Resûlullah Efendimiz (s.a.v.) şöyle buyurdular:
“Sizden biriniz abdest alacağı zaman Allâh’ın adını zikretsin; besmele çeksin. Böyle yaparsa bedeninin tamamı (küçük günahlardan) temizlenmiş olur. Eğer sizden biriniz abdest alırken Allâh’ın adını zikretmezse, bedeninde suyun değdiği yerlerden başkası temizlenmiş olmaz.
Sizden biriniz abdestini bitirince ‘Eşhedü en lâ ilâhe illallâh ve eşhedü enne Muhammeden abdühû ve resûlühû’ diyerek kelime-i şehâdet getirsin. Sonra bana salevât okusun. Bir kul böyle dediğinde onun için rahmet kapıları açılır.” (Dârekutnî)
 
TABİPLERİN SAHİP OLMASI GEREKEN VASIFLAR
 
Tıp ilmini usûlünce öğrenmiş olanlar iyi bir tabip (doktor) olurlar. Böyle bir tabip kendi kıymetini ve insanlığa ne kadar faydalı olacağını bilmeli, hastasına can ü gönülden bakmalı, onları güzel tedavi etmelidir. Hastasını bir dakika bile iyi görse kendisine dünyalar verilmiş kadar sevinmelidir.

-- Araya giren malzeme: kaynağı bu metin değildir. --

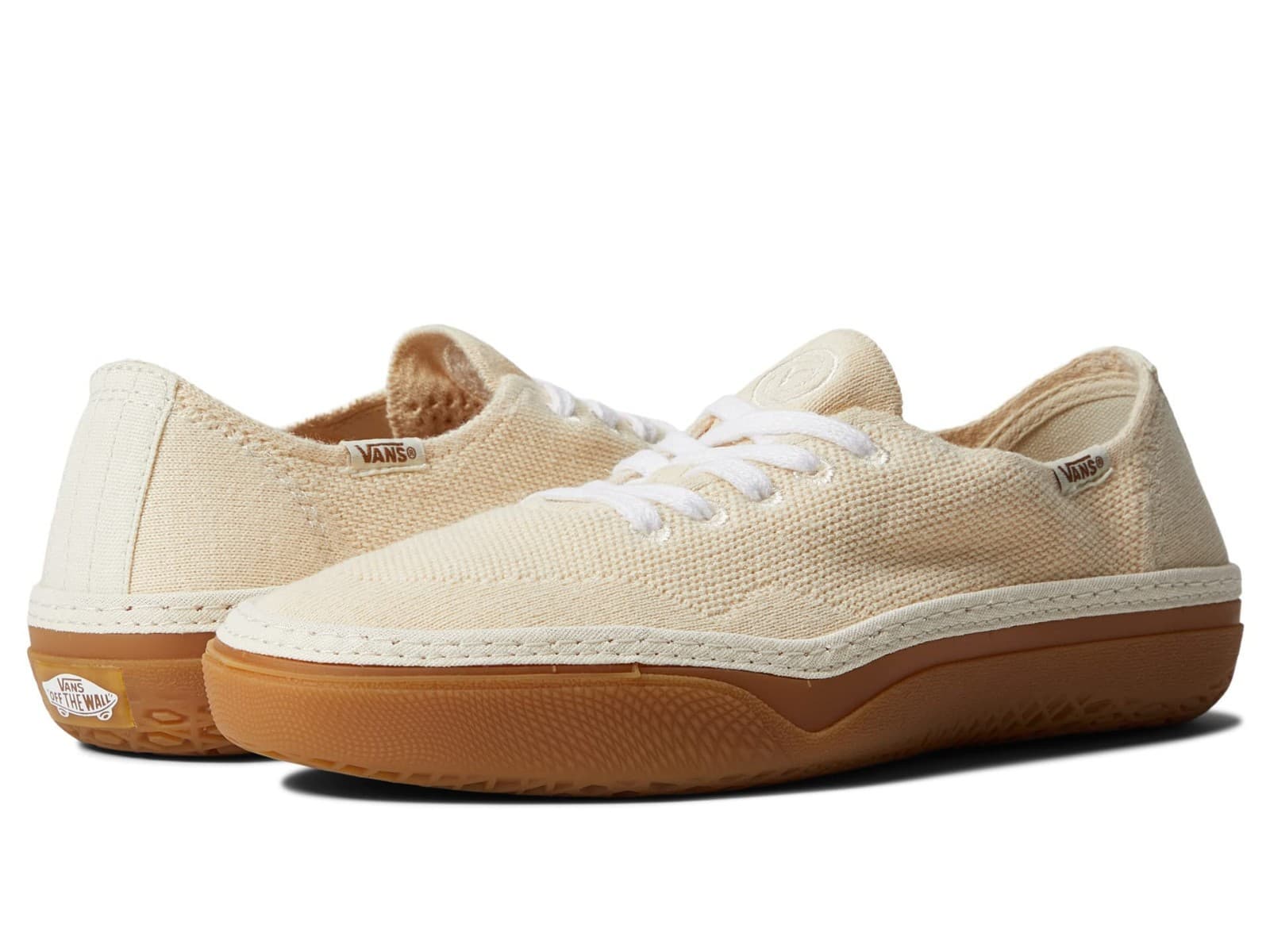 NIB VANS CIRCLE VEE ECO SHOE Women 9.5/ Men 8 Natural based materials only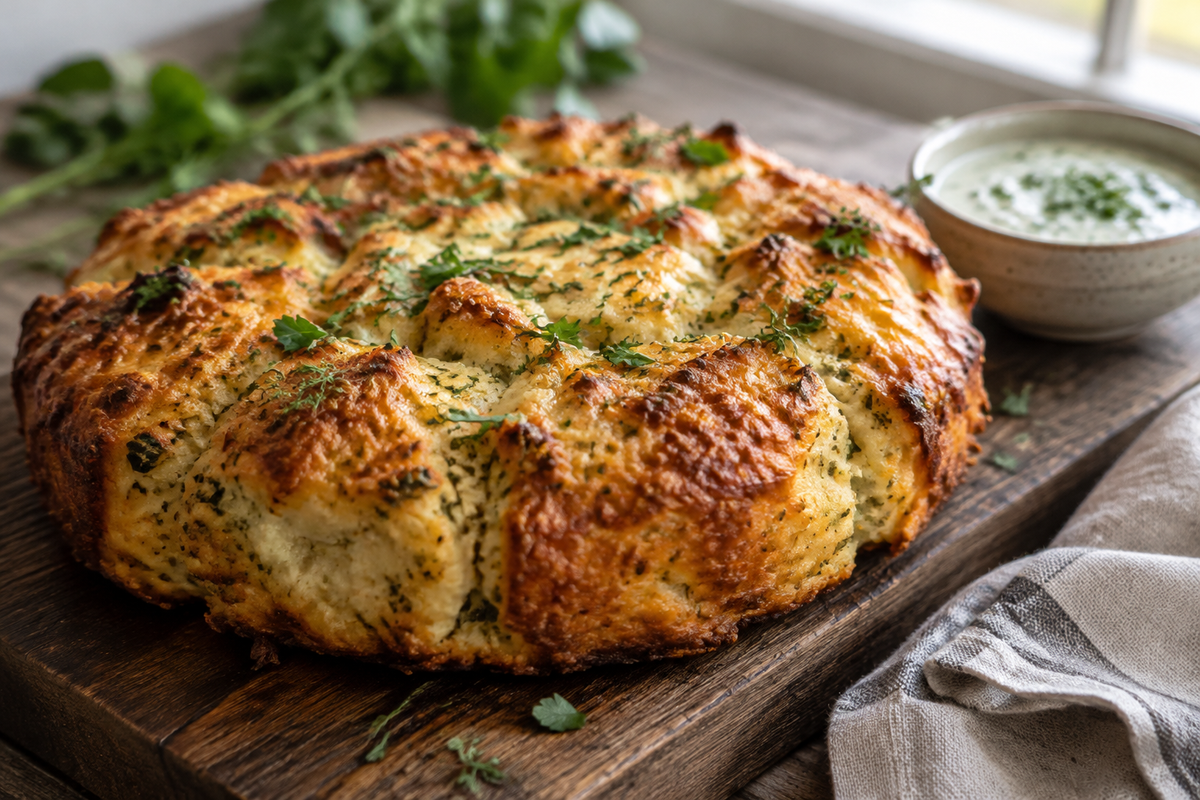 Perfect this item savory baked dish with golden crust and fresh herb garnish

Tabip, paradan çok insanlığı sevmeli, özü sözü doğru olmalıdır. Allah’tan korkmalı, dînini bilmelidir. Yüreğinde Allah korkusu yer eden, dîni bütün bir tabip asla kötülük edemez, kötü yola gidemez.

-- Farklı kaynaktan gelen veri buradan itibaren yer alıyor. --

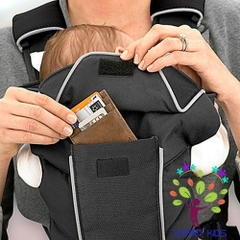 Địu Chicco Ultrasoft  ghi trám/ghi silver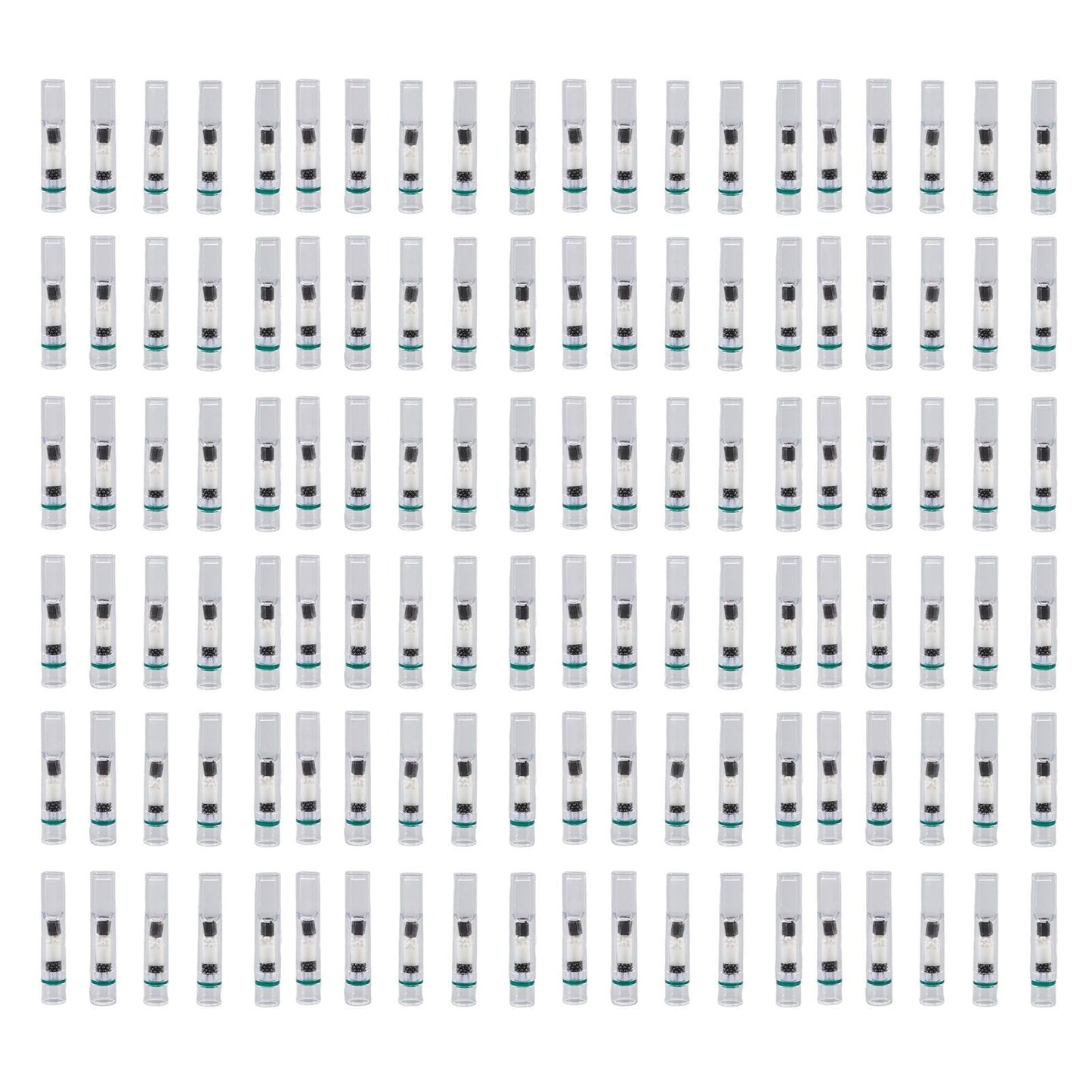 120 PCS Disposable Cigarette Filters Reducing Tar Smoke Stains Filters Lung Clearing Cigarette Holder Filter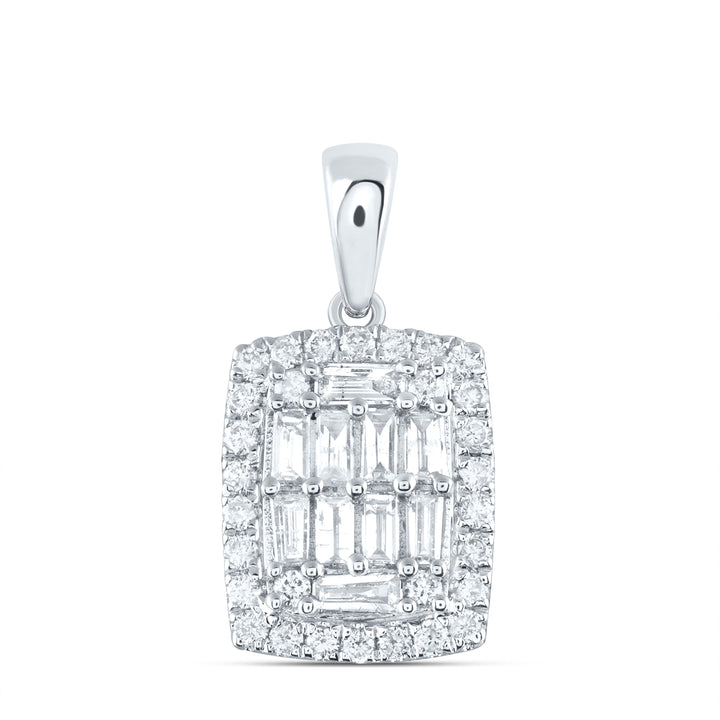 1/2CT-DIA ANA M DIANA SQUARE PENDANT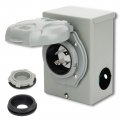 30amp Generator Power Inlet Box With Pre Punched Knockouts 30 Amp Nema L14-30p For 4 Prong Indicator Light Outdoor Use Etl 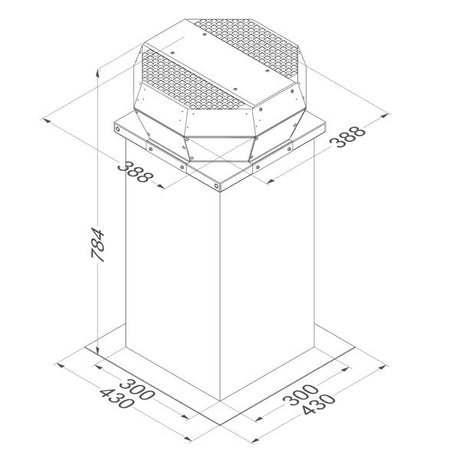 Novy Flachdachmotor 755999 gedämmt 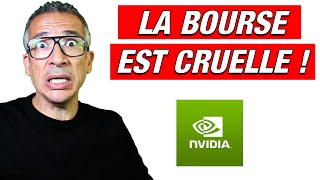 La Bourse est sans pitié cette fois cest Nvidia [upl. by Wells]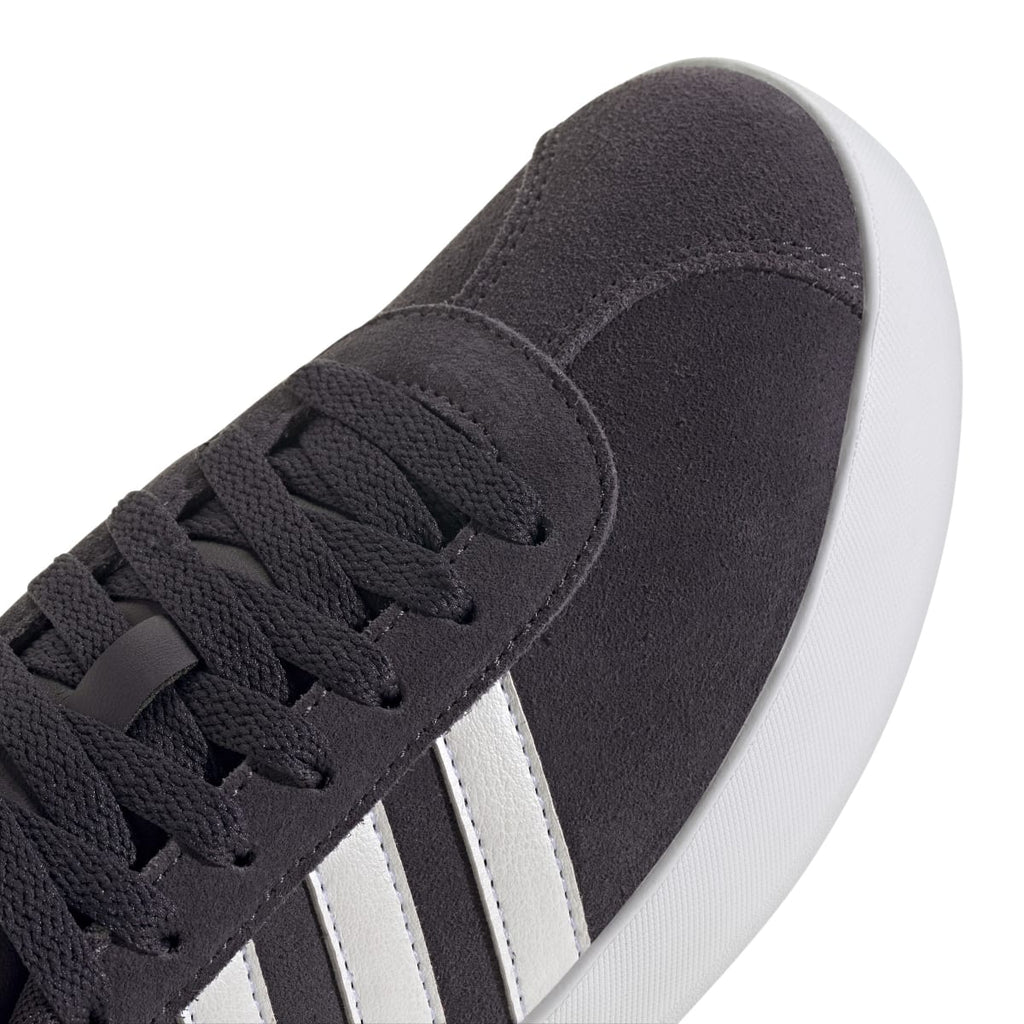 Sneakers da donna viola in pelle scamosciata adidas VL Court 3.0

Tabipler, kalbinde bütün insanlar için tatlı bir sevgi, iyilik ve doğruluk beslemelidir. Hiç kimseye kötü gözle bakmamalı ve kendine söylenen gizli sözleri saklamalı ve başkasına söylememelidir.
Böyle iyi huylu, doğru sözlü, bilgili Müslüman bir tabip bulanlar, onun dostluğunu kazanmalıdır.
İnsan, derdine göre tabip aramalı ve her rast geldiğine değil, hekimlikten iyi anlayan ve bilenlere gitmelidir.
Peygamber Efendimiz (sallallâhü aleyhi ve sellem) Hazretleri bir hastayı ziyârete gittiklerinde hastaya bakıp hemen tabip getirilmesini buyurmuş ve gelen iki kişiye: “Hanginiz bu hastalığın tedavisinde daha tecrübeli?” diye sormuşlar. O hastalıktan daha iyi anlayana “Sen bak!” buyurmuşlardır.